Dylan Evans 

Crazy medicine

Dylan Evans: Only when alternative therapists abandon their crackpot theories will we be able to start taking them seriously.
  
  


Are alternative therapies really just placebos, as a group of senior doctors claim? For many people, this question appears rather academic. What does it matter, they may ask, if an alternative therapy is just a placebo, so long as it works?

From a purely therapeutic point of view, of course, it doesn't really matter. But from a scientific point of view, it certainly does.

Many alternative therapies are not presented simply as therapeutic techniques but rather come bundled up with a particular theory as to how the technique works. The needling technique of acupuncture, for example, is often (though not always) taught alongside the theories of traditional Chinese medicine, according to which a special kind of energy known as "qi" flows along channels known as meridians. The art of prescribing homeopathic remedies is taught alongside other strange ideas, such as the theory that dilution makes medicines more potent, and the claim that water has a kind of "memory".

These bizarre notions are, however, completely at odds with everything we know about physics, chemistry and biology. Despite hundreds of years of anatomical dissection and decades of microbiology, nobody has ever once observed a meridian or measured a quantum of qi. And, despite claims to the contrary, nobody has ever succeeded in recording the memory of water on a computer's hard disk.
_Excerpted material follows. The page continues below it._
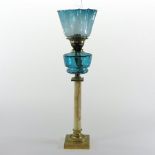 A late 19th century brass mounted onyx oil lamp, in the form of a column, with a blue glass shade,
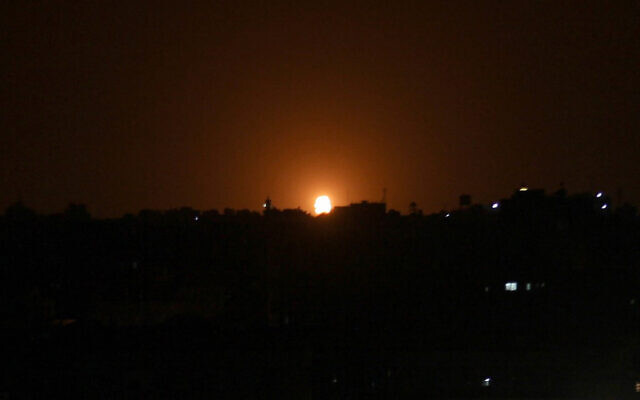 Illustrative: Flames are seen following an Israeli air strike in the town of Deir al-Balah in the central Gaza Strip, October 20, 2020. (Said Khatib/AFP) Illustrative: Flames are seen following an Israeli air strike in the town of Deir al-Balah in the central Gaza Strip, October 20, 2020. (Said Khatib/AFP)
It is the association of alternative therapies with these crackpot theories that is responsible for the continuing schism between orthodox and complementary medicine. If the techniques of alternative medicine could be separated from the dubious theories that sometimes accompany them, the way would be open to a much more profound dialogue between orthodox and complementary practitioners, and a greater integration of conventional and complementary healthcare.

There is always the possibility, of course, that doing away with the crackpot theories that provide alternative therapies with some of their appeal may actually rob them of their effectiveness, by destroying the vital belief that enables these therapies to mobilise the placebo response. In such cases, we face a choice of a clearly ethical nature: to preserve the effectiveness of these therapies by perpetuating crazy theories, or to seek the truth at the risk of robbing some patients of their favourite therapeutic resources.